++++ Supplied records
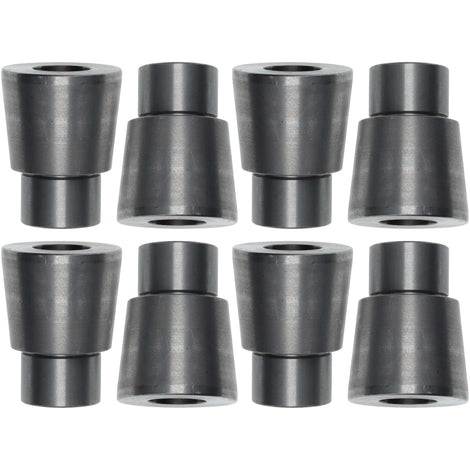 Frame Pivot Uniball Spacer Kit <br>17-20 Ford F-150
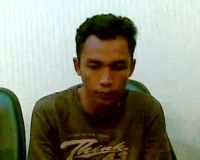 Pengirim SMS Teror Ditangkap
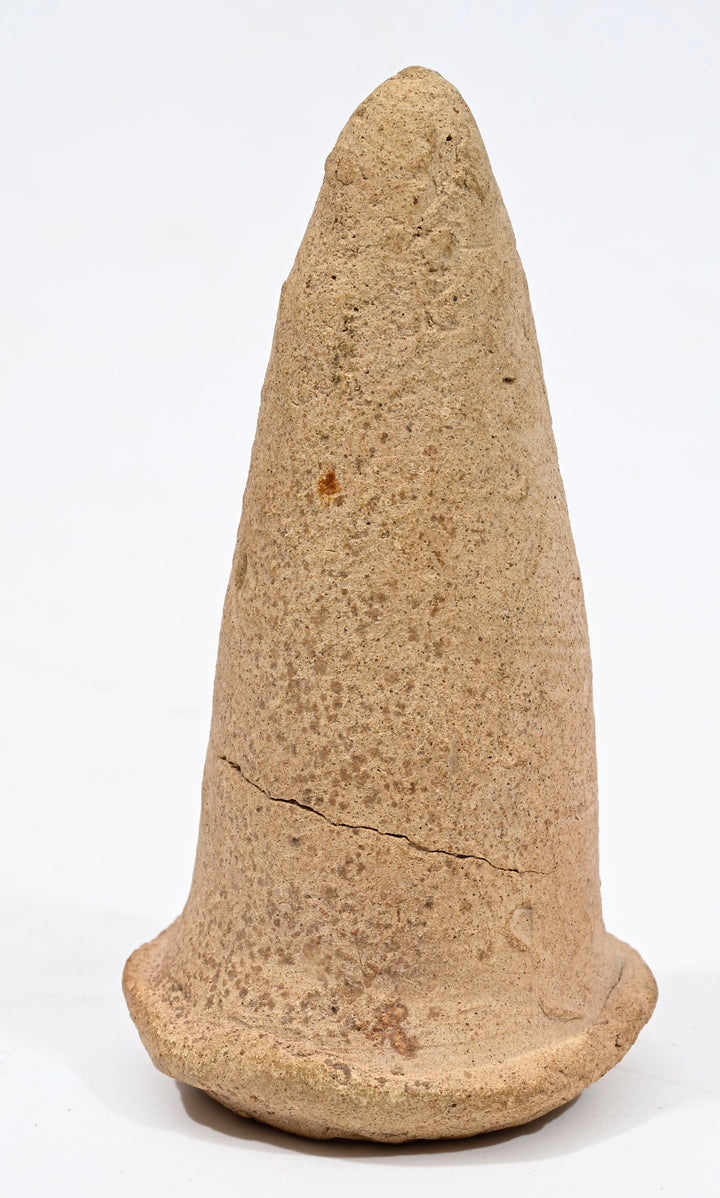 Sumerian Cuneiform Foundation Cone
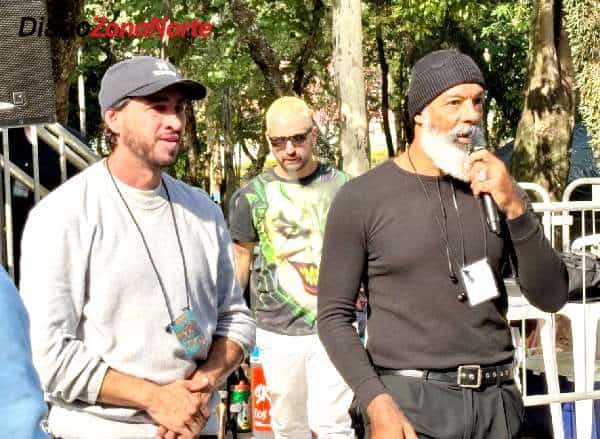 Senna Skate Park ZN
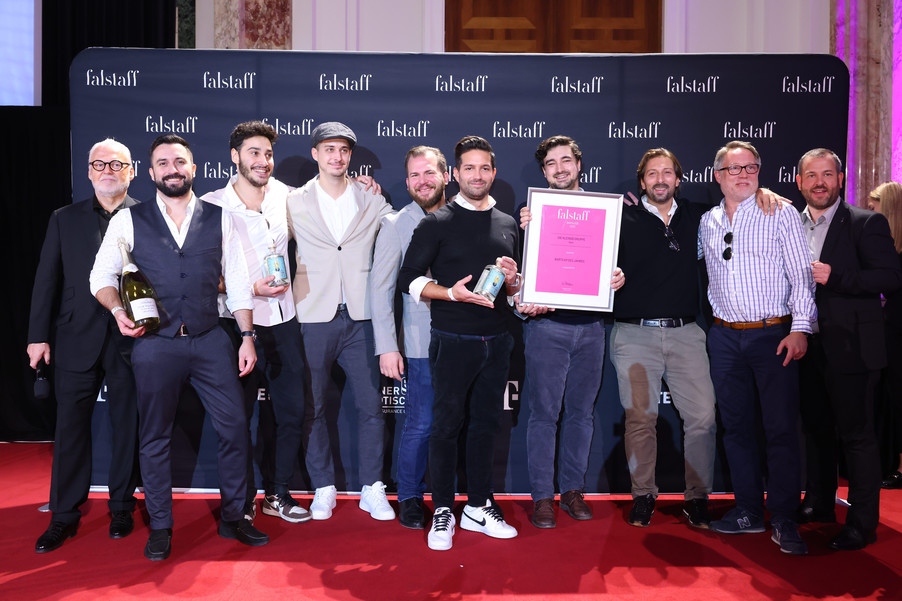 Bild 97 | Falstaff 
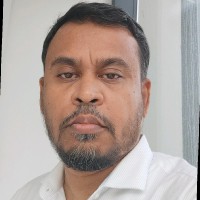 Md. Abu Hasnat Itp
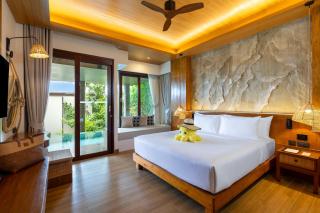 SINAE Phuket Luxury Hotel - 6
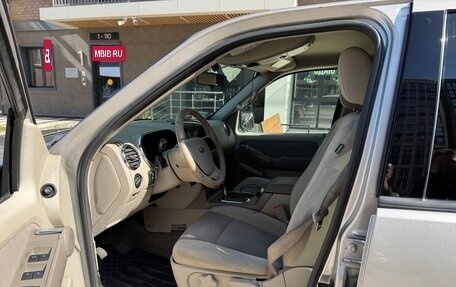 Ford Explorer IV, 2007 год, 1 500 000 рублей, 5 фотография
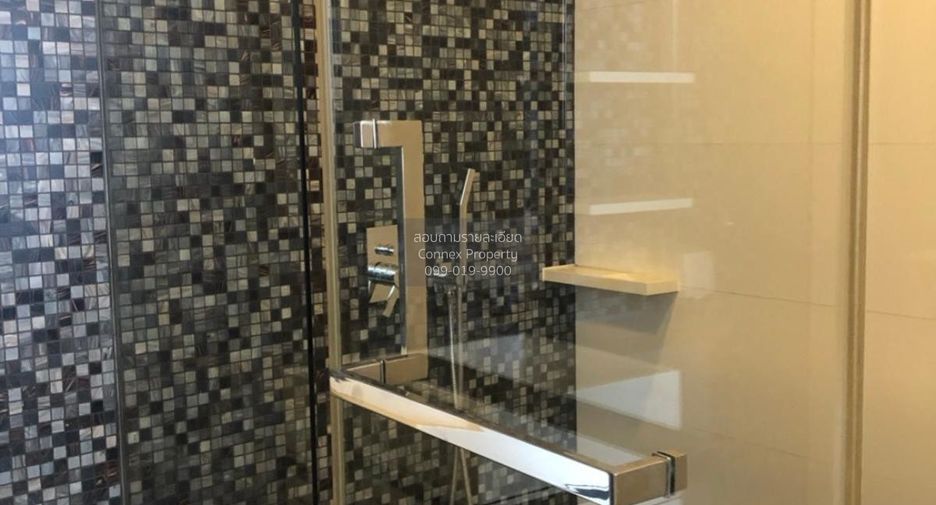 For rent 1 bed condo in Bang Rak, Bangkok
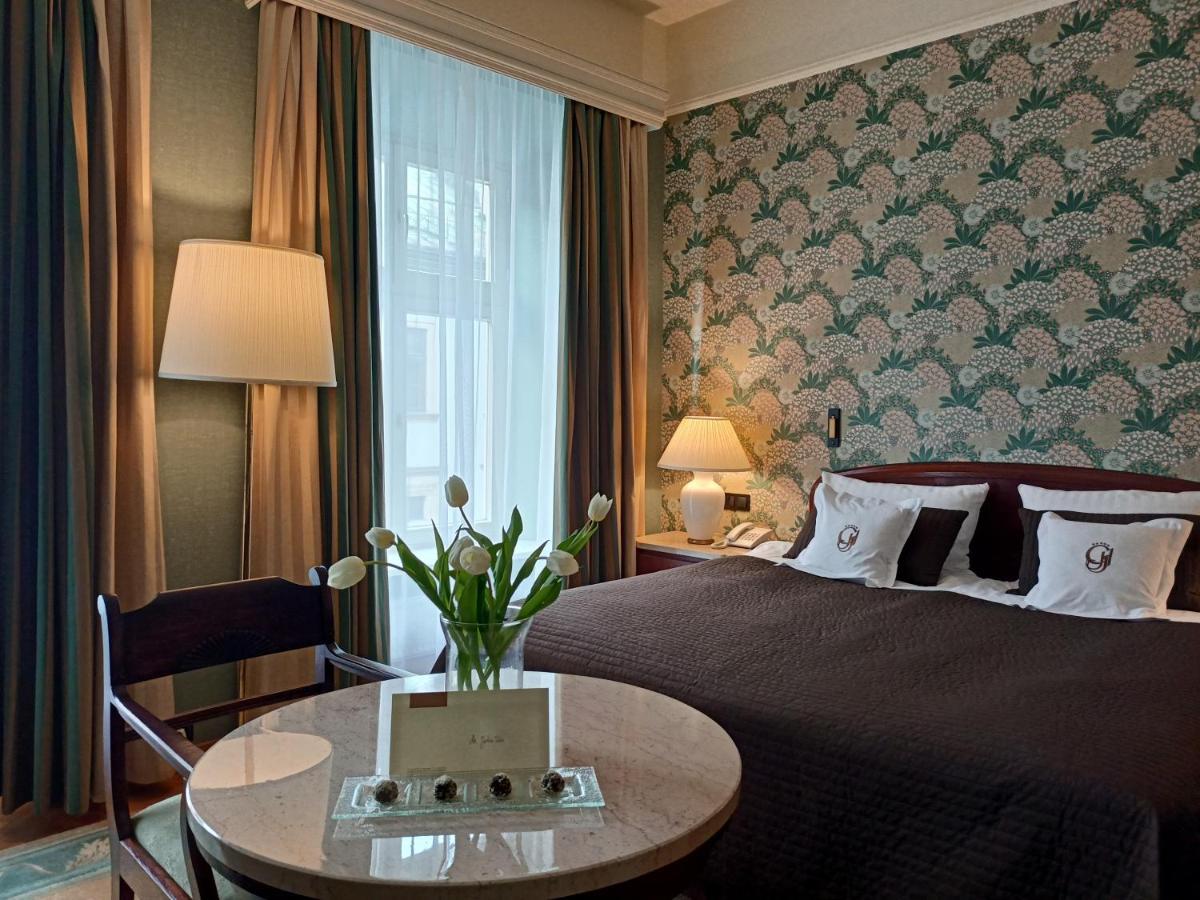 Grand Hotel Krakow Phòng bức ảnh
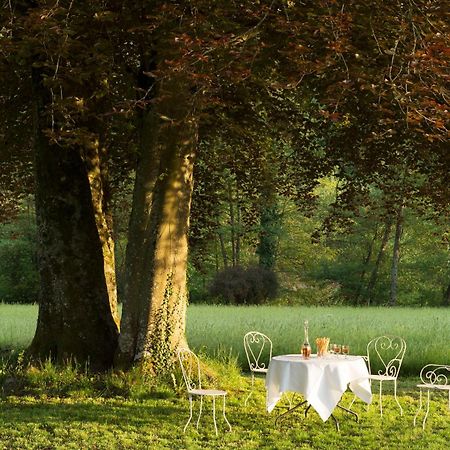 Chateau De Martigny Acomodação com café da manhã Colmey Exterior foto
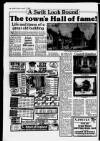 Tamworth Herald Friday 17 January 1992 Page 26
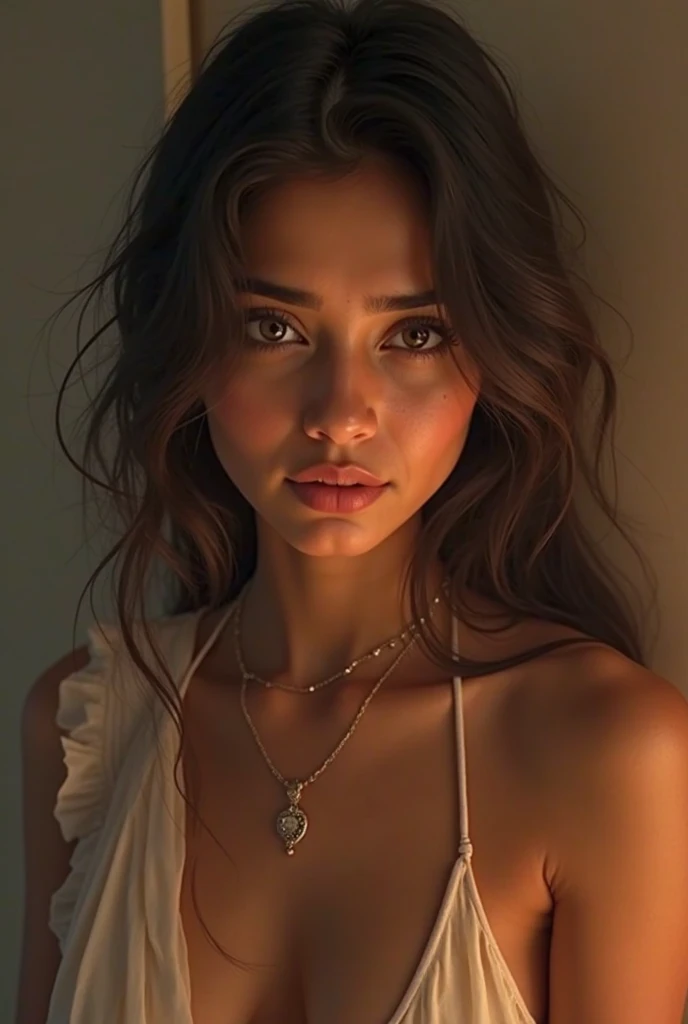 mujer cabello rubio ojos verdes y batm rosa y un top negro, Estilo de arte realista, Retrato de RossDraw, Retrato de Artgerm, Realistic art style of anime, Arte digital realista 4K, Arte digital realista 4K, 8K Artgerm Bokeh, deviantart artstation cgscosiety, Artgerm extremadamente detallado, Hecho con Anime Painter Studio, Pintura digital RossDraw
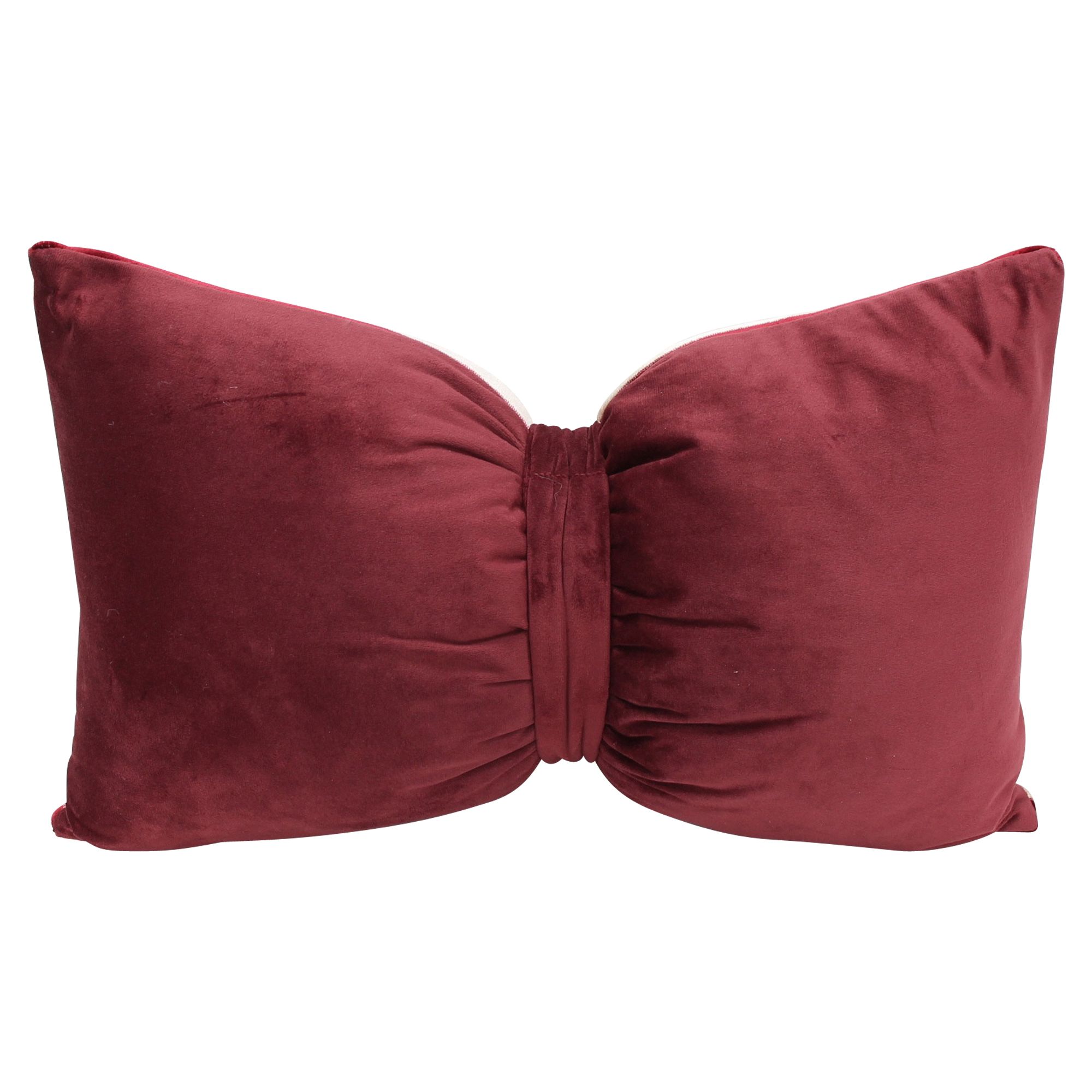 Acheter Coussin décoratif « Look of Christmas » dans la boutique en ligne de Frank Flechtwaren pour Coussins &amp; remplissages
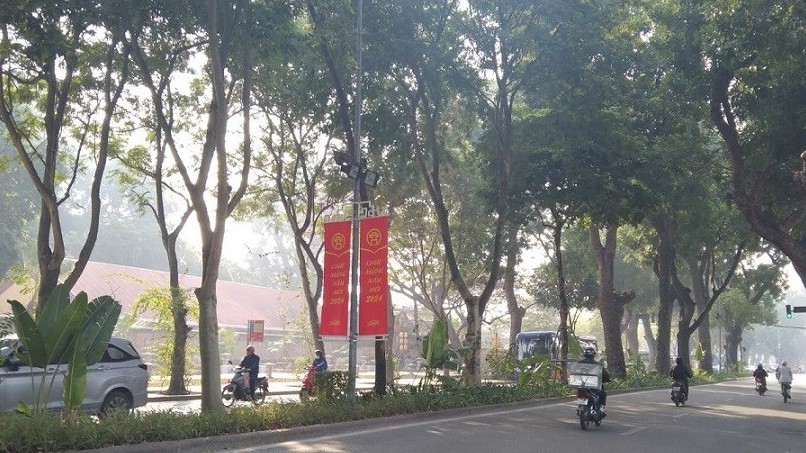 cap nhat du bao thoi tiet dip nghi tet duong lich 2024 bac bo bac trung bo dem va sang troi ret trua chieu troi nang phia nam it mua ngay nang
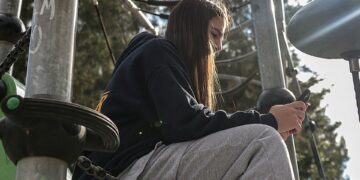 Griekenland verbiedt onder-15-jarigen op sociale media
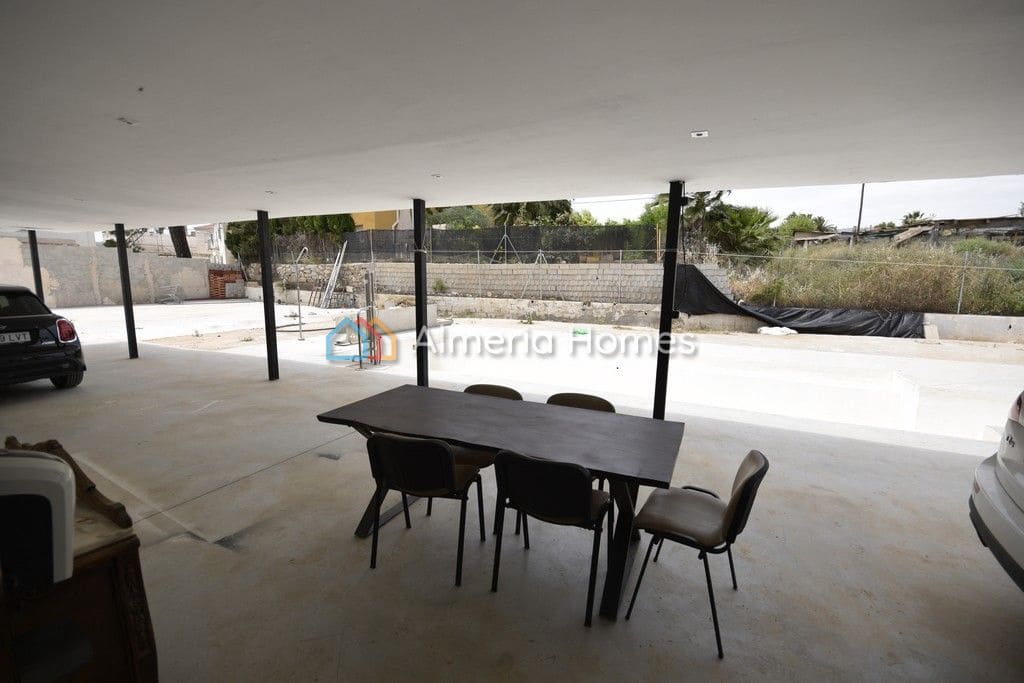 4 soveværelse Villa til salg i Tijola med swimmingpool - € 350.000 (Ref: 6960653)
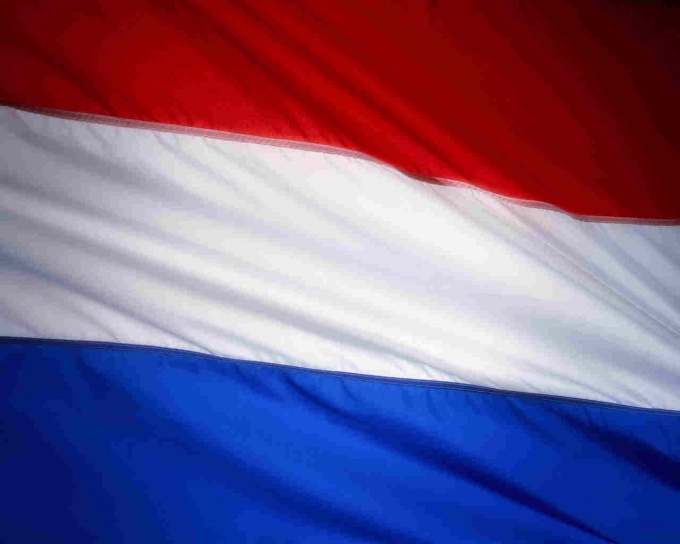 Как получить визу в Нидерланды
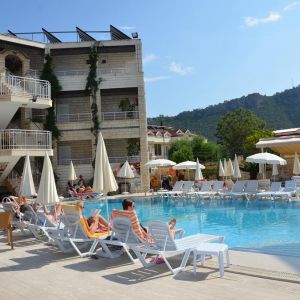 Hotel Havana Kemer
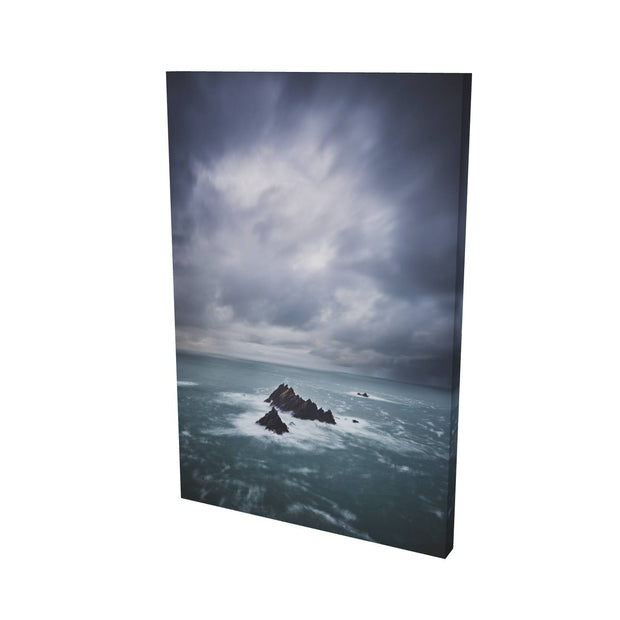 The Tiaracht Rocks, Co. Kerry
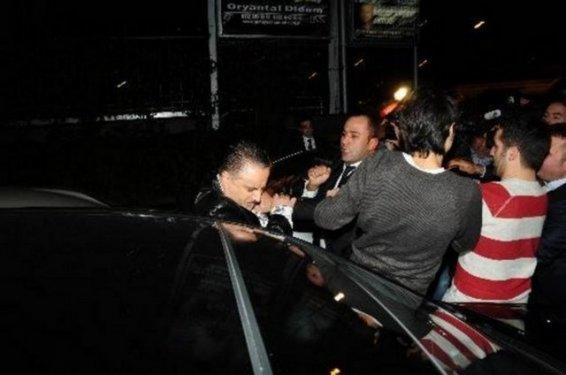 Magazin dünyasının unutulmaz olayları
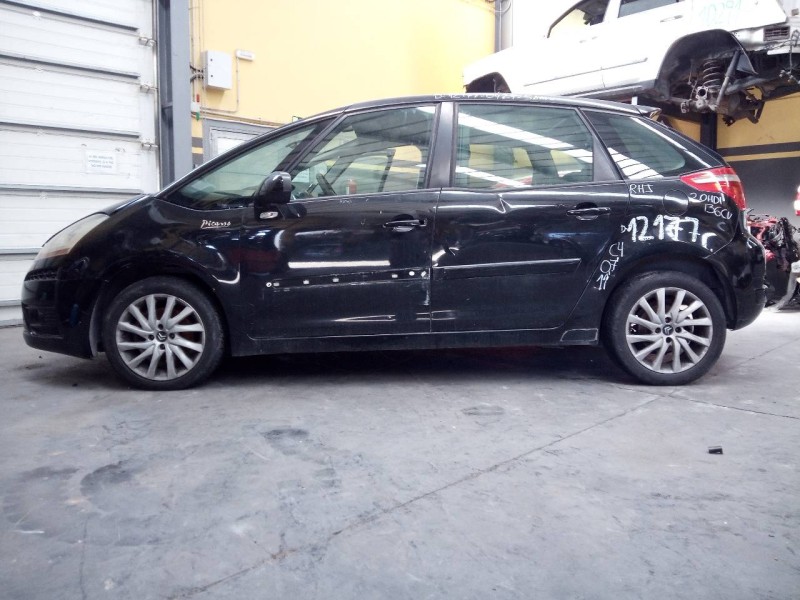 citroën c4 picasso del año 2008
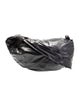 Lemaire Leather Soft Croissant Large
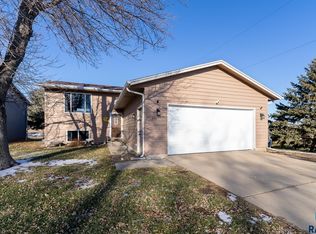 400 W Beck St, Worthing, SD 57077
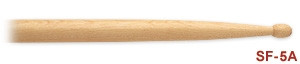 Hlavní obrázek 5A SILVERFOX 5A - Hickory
++++++++
_Exercise objective:_
Everything above except the pictures needs to be reproduced exactly.

_Response box:_
 Frame Pivot Uniball Spacer Kit <br>17-20 Ford F-150
 Pengirim SMS Teror Ditangkap
 Sumerian Cuneiform Foundation Cone
 Senna Skate Park ZN
 Bild 97 | Falstaff 
 Md. Abu Hasnat Itp
 SINAE Phuket Luxury Hotel - 6
 Ford Explorer IV, 2007 год, 1 500 000 рублей, 5 фотография
 For rent 1 bed condo in Bang Rak, Bangkok
 Grand Hotel Krakow Phòng bức ảnh
 Chateau De Martigny Acomodação com café da manhã Colmey Exterior foto
 Tamworth Herald Friday 17 January 1992 Page 26
 mujer cabello rubio ojos verdes y batm rosa y un top negro, Estilo de arte realista, Retrato de RossDraw, Retrato de Artgerm, Realistic art style of anime, Arte digital realista 4K, Arte digital realista 4K, 8K Artgerm Bokeh, deviantart artstation cgscosiety, Artgerm extremadamente detallado, Hecho con Anime Painter Studio, Pintura digital RossDraw
 Acheter Coussin décoratif « Look of Christmas » dans la boutique en ligne de Frank Flechtwaren pour Coussins &amp; remplissages
 cap nhat du bao thoi tiet dip nghi tet duong lich 2024 bac bo bac trung bo dem va sang troi ret trua chieu troi nang phia nam it mua ngay nang
 Griekenland verbiedt onder-15-jarigen op sociale media
 4 soveværelse Villa til salg i Tijola med swimmingpool - € 350.000 (Ref: 6960653)
 Как получить визу в Нидерланды
 Hotel Havana Kemer
 The Tiaracht Rocks, Co. Kerry
 Magazin dünyasının unutulmaz olayları
 citroën c4 picasso del año 2008
 Lemaire Leather Soft Croissant Large
 400 W Beck St, Worthing, SD 57077
 Hlavní obrázek 5A SILVERFOX 5A - Hickory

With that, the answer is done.